Enthusiasm among riders is surprising everybody. Expected over time to carry about 2,700 daily riders, the downtown line to date has averaged a daily ridership of about 4,600 and a weekend ridership of 9,100.
Some 25,000 boarded during the Memorial Day weekend.
The Streetcar Authority’s Twitter page, @kcstreetcar, has more than 9,000 followers. Through Twitter and the authority’s website, many have posted suggestions for improving the system.
Several recommended that a streetcar app be developed, enabling mobile users to track movement along the route. Many others wanted specific arrival times posted and updated at stations. Mandelbaum said the authority is working on delivering both.
Less easy to address are motorists’ frustrations when stuck in the middle of an intersection behind an unloading streetcar and the traffic light changes from green to red.
If they can’t back up, they have to stay put and rile the cross-traffic. Along much of the route, motorists are prohibited from passing around streetcars.

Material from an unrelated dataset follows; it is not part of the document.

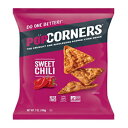 *** We ship internationally, so do not use a package forwarding service. We cannot ship to a package forwarding company address because of the Japanese customs regulation. If it is shipped and customs office does not let the package go, we do not make a refund. ■ 名称 POPCORNERS スイートチリ ポップコーンスナック、グルテンフリー、非遺伝子組み換え、7オンスバッグ (12個パック)POPCORNERS Sweet Chili Popped Corn Snacks, Gluten Free, Non-GMO, 7oz bags (Pack of 12) ■ 内容量 商品名に記載 ■ 原材料 別途ラベルに記載(英文) ■ 賞味期限 別途ラベルに記載(月/日/年順番) ■ 保存方法 高温多湿の場所を避けて保存してください。 ■ 発送元 アメリカ ■ 原産国名 商品表面に記載 ■ 輸入者 UNI International Inc. 100 Galway pl Teaneck NJ USA+1 2016033663 ■ 広告文責 UNI International Inc. 100 Galway pl Teaneck NJ USA NJ USA+1 2016033663 【注意事項】 *** 特に注意してください。 *** ・個人ではない法人・団体名義での購入はできません。この場合税関で滅却されてもお客様負担になりますので御了承願います。 ・お名前にカタカナが入っている場合法人である可能性が高いため当店システムから自動保留します。カタカナで記載が必要な場合はカタカナ変わりローマ字で記載してください。 ・お名前またはご住所が法人・団体名義（XX株式会社等）、商店名などを含めている場合、または電話番号が個人のものではない場合、税関から法人名義でみなされますのでご注意ください。 ・転送サービス会社への発送もできません。この場合税関で滅却されてもお客様負担になりますので御了承願います。 *** ・注文後品切れや価格変動でキャンセルされる場合がございますので予めご了承願います。 ・当店でご購入された商品は、原則として、「個人輸入」としての取り扱いになり、すべてニュージャージからお客様のもとへ直送されます。 ・ご注文後、30営業日以内(通常2~3週間)に配送手続きをいたします。配送作業完了後、2週間程度でのお届けとなります。 ・まれに商品入荷状況や国際情勢、運送、通関事情により、お届けが2ヶ月までかかる場合がありますのでお急ぎの場合は注文をお控えください。 ・個人輸入される商品は、すべてご注文者自身の「個人使用・個人消費」が前提となりますので、ご注文された商品を第三者へ譲渡・転売することは法律で禁止されております。 ・関税・消費税が課税される場合があります。詳細はこちらをご確認下さい。 ・食品の場合、パッケージのアップデートが頻繁であり、商品写真と実際のパッケージが異なる場合があります。パッケージ外観の違いの理由では、返品・交換が不可能ですので、予めご了承ください。 ・アメリカの場合、Best By日付はExpiry Date（賞味期限）とは異なり、Best By日付以降も安全に摂取ができます。 ・電気製品購入時の注意点：1)アメリカと日本の電圧差で電力消費が高い加熱機器類は変圧器が必要な場合があります。変圧器の購入は別途費用が掛かります。日本の電圧がもう低いのでそのまま使用しても発熱の危険はありませんが加熱に時間がもう少しかかる可能性があります。2)受領後30日以内の初期不良は返金または交換で対応します。その後の修理は原則的に対応が出来かねますが保証期間以内なら海外メーカーへの交渉は代行致します。（送料などの実費は別途請求）3)本商品はアメリカ内需用です。日本でのワランティーなどはできない可能性があります。また、他の日本製品と互換ができない恐れがあります。 ・当店では、ご注文から30分以上過ぎた場合、原則的にお客様都合によるキャンセルは承っておりません。PC販売説明文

Bower of Portland Streetcar said people who work and live along a new line tend to be quick to adapt. For them, “the learning doesn’t take six months, more like a couple of weeks.” He said Kansas Citians might take a bit longer to adjust because they have little experience maneuvering around rail transit.
Tourists, infrequent visitors and new residents are always more apt to create tie-ups, get into accidents with streetcars and be unaware of parking requirements, Bower said.
And even regulars can be slow to get with the program. Just outside Bower’s office in Portland, the 15-year-old streetcar system continues to be interrupted most days by delivery trucks blocking the tracks.
Customers at a nearby liquor store, who think they’ll be in and out in a minute, have yet to learn that parking on the rail line is a mistake.
And dogs? Unless you’re a service animal, don’t even think about boarding.